====== WORKING DATA
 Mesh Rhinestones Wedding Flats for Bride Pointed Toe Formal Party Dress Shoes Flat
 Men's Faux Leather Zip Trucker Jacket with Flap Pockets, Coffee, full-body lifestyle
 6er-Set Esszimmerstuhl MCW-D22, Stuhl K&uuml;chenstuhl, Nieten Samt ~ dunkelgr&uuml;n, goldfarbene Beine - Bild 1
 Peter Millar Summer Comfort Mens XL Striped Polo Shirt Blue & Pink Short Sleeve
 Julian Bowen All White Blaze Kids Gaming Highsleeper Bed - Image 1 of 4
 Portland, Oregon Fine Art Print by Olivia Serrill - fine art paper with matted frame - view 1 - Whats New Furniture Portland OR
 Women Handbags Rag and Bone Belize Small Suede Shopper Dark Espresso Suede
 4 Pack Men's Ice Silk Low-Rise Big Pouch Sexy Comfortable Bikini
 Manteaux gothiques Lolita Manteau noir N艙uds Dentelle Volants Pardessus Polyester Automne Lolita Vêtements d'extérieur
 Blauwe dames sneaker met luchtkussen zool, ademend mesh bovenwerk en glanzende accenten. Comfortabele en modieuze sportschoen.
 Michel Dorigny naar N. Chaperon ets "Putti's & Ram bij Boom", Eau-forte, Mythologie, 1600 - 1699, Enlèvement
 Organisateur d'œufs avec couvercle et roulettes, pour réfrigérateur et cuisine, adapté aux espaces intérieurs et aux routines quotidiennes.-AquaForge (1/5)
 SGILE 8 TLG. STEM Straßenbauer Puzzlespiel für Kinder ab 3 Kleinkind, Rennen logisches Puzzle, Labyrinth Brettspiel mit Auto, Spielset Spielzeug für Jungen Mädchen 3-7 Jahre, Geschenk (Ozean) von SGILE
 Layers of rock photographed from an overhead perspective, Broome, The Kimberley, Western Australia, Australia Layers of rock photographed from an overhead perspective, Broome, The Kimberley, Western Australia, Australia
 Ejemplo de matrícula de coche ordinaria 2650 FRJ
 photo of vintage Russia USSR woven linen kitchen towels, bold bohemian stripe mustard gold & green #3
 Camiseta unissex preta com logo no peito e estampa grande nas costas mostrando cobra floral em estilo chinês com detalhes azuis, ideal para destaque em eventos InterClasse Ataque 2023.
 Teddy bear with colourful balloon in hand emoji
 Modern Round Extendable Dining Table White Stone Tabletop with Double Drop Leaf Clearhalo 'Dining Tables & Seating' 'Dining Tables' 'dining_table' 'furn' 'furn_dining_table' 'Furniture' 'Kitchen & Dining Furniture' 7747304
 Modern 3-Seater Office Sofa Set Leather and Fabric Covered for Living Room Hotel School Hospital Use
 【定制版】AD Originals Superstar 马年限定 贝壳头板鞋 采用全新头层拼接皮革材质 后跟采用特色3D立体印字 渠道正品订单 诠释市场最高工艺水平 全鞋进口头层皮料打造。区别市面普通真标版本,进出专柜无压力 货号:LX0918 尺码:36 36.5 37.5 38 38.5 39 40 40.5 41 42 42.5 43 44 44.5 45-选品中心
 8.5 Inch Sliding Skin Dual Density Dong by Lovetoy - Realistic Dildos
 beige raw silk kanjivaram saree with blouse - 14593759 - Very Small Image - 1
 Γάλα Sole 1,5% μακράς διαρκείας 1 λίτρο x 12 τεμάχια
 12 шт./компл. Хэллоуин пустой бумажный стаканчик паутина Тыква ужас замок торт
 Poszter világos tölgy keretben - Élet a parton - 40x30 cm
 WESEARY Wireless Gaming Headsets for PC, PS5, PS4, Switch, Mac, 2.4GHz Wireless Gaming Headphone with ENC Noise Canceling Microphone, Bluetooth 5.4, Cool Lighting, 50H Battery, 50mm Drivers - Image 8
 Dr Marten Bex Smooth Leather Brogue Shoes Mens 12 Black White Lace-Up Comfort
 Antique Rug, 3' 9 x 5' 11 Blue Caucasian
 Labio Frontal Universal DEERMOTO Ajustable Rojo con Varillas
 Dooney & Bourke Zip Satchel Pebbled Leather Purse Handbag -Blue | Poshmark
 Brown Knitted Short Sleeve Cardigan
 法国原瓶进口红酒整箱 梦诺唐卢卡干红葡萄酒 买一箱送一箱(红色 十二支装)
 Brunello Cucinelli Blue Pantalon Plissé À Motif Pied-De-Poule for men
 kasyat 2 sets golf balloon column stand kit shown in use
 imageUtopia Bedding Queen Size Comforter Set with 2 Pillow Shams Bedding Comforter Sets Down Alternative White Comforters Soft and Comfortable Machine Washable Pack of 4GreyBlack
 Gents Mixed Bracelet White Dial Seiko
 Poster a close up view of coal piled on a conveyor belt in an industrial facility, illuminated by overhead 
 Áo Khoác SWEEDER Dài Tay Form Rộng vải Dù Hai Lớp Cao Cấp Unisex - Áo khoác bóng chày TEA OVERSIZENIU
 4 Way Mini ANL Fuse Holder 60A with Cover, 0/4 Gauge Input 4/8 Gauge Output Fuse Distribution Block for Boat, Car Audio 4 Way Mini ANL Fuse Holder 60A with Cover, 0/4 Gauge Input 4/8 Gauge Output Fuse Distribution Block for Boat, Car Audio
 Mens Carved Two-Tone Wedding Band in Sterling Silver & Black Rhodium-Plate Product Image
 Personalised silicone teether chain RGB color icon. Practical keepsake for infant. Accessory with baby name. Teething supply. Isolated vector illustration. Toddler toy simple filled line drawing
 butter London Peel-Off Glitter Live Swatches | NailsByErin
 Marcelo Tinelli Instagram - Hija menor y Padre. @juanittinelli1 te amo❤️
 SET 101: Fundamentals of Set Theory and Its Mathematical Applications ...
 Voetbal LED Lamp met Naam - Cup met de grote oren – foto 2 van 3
============
**WORK INSTRUCTIONS:** This exercise requires the entries above to be restated exactly.

**FINAL ANSWER:**
 Mesh Rhinestones Wedding Flats for Bride Pointed Toe Formal Party Dress Shoes Flat
 Men's Faux Leather Zip Trucker Jacket with Flap Pockets, Coffee, full-body lifestyle
 6er-Set Esszimmerstuhl MCW-D22, Stuhl K&uuml;chenstuhl, Nieten Samt ~ dunkelgr&uuml;n, goldfarbene Beine - Bild 1
 Peter Millar Summer Comfort Mens XL Striped Polo Shirt Blue & Pink Short Sleeve
 Julian Bowen All White Blaze Kids Gaming Highsleeper Bed - Image 1 of 4
 Portland, Oregon Fine Art Print by Olivia Serrill - fine art paper with matted frame - view 1 - Whats New Furniture Portland OR
 Women Handbags Rag and Bone Belize Small Suede Shopper Dark Espresso Suede
 4 Pack Men's Ice Silk Low-Rise Big Pouch Sexy Comfortable Bikini
 Manteaux gothiques Lolita Manteau noir N艙uds Dentelle Volants Pardessus Polyester Automne Lolita Vêtements d'extérieur
 Blauwe dames sneaker met luchtkussen zool, ademend mesh bovenwerk en glanzende accenten. Comfortabele en modieuze sportschoen.
 Michel Dorigny naar N. Chaperon ets "Putti's & Ram bij Boom", Eau-forte, Mythologie, 1600 - 1699, Enlèvement
 Organisateur d'œufs avec couvercle et roulettes, pour réfrigérateur et cuisine, adapté aux espaces intérieurs et aux routines quotidiennes.-AquaForge (1/5)
 SGILE 8 TLG. STEM Straßenbauer Puzzlespiel für Kinder ab 3 Kleinkind, Rennen logisches Puzzle, Labyrinth Brettspiel mit Auto, Spielset Spielzeug für Jungen Mädchen 3-7 Jahre, Geschenk (Ozean) von SGILE
 Layers of rock photographed from an overhead perspective, Broome, The Kimberley, Western Australia, Australia Layers of rock photographed from an overhead perspective, Broome, The Kimberley, Western Australia, Australia
 Ejemplo de matrícula de coche ordinaria 2650 FRJ
 photo of vintage Russia USSR woven linen kitchen towels, bold bohemian stripe mustard gold & green #3
 Camiseta unissex preta com logo no peito e estampa grande nas costas mostrando cobra floral em estilo chinês com detalhes azuis, ideal para destaque em eventos InterClasse Ataque 2023.
 Teddy bear with colourful balloon in hand emoji
 Modern Round Extendable Dining Table White Stone Tabletop with Double Drop Leaf Clearhalo 'Dining Tables & Seating' 'Dining Tables' 'dining_table' 'furn' 'furn_dining_table' 'Furniture' 'Kitchen & Dining Furniture' 7747304
 Modern 3-Seater Office Sofa Set Leather and Fabric Covered for Living Room Hotel School Hospital Use
 【定制版】AD Originals Superstar 马年限定 贝壳头板鞋 采用全新头层拼接皮革材质 后跟采用特色3D立体印字 渠道正品订单 诠释市场最高工艺水平 全鞋进口头层皮料打造。区别市面普通真标版本,进出专柜无压力 货号:LX0918 尺码:36 36.5 37.5 38 38.5 39 40 40.5 41 42 42.5 43 44 44.5 45-选品中心
 8.5 Inch Sliding Skin Dual Density Dong by Lovetoy - Realistic Dildos
 beige raw silk kanjivaram saree with blouse - 14593759 - Very Small Image - 1
 Γάλα Sole 1,5% μακράς διαρκείας 1 λίτρο x 12 τεμάχια
 12 шт./компл. Хэллоуин пустой бумажный стаканчик паутина Тыква ужас замок торт
 Poszter világos tölgy keretben - Élet a parton - 40x30 cm
 WESEARY Wireless Gaming Headsets for PC, PS5, PS4, Switch, Mac, 2.4GHz Wireless Gaming Headphone with ENC Noise Canceling Microphone, Bluetooth 5.4, Cool Lighting, 50H Battery, 50mm Drivers - Image 8
 Dr Marten Bex Smooth Leather Brogue Shoes Mens 12 Black White Lace-Up Comfort
 Antique Rug, 3' 9 x 5' 11 Blue Caucasian
 Labio Frontal Universal DEERMOTO Ajustable Rojo con Varillas
 Dooney & Bourke Zip Satchel Pebbled Leather Purse Handbag -Blue | Poshmark
 Brown Knitted Short Sleeve Cardigan
 法国原瓶进口红酒整箱 梦诺唐卢卡干红葡萄酒 买一箱送一箱(红色 十二支装)
 Brunello Cucinelli Blue Pantalon Plissé À Motif Pied-De-Poule for men
 kasyat 2 sets golf balloon column stand kit shown in use
 imageUtopia Bedding Queen Size Comforter Set with 2 Pillow Shams Bedding Comforter Sets Down Alternative White Comforters Soft and Comfortable Machine Washable Pack of 4GreyBlack
 Gents Mixed Bracelet White Dial Seiko
 Poster a close up view of coal piled on a conveyor belt in an industrial facility, illuminated by overhead 
 Áo Khoác SWEEDER Dài Tay Form Rộng vải Dù Hai Lớp Cao Cấp Unisex - Áo khoác bóng chày TEA OVERSIZENIU
 4 Way Mini ANL Fuse Holder 60A with Cover, 0/4 Gauge Input 4/8 Gauge Output Fuse Distribution Block for Boat, Car Audio 4 Way Mini ANL Fuse Holder 60A with Cover, 0/4 Gauge Input 4/8 Gauge Output Fuse Distribution Block for Boat, Car Audio
 Mens Carved Two-Tone Wedding Band in Sterling Silver & Black Rhodium-Plate Product Image
 Personalised silicone teether chain RGB color icon. Practical keepsake for infant. Accessory with baby name. Teething supply. Isolated vector illustration. Toddler toy simple filled line drawing
 butter London Peel-Off Glitter Live Swatches | NailsByErin
 Marcelo Tinelli Instagram - Hija menor y Padre. @juanittinelli1 te amo❤️
 SET 101: Fundamentals of Set Theory and Its Mathematical Applications ...
 Voetbal LED Lamp met Naam - Cup met de grote oren – foto 2 van 3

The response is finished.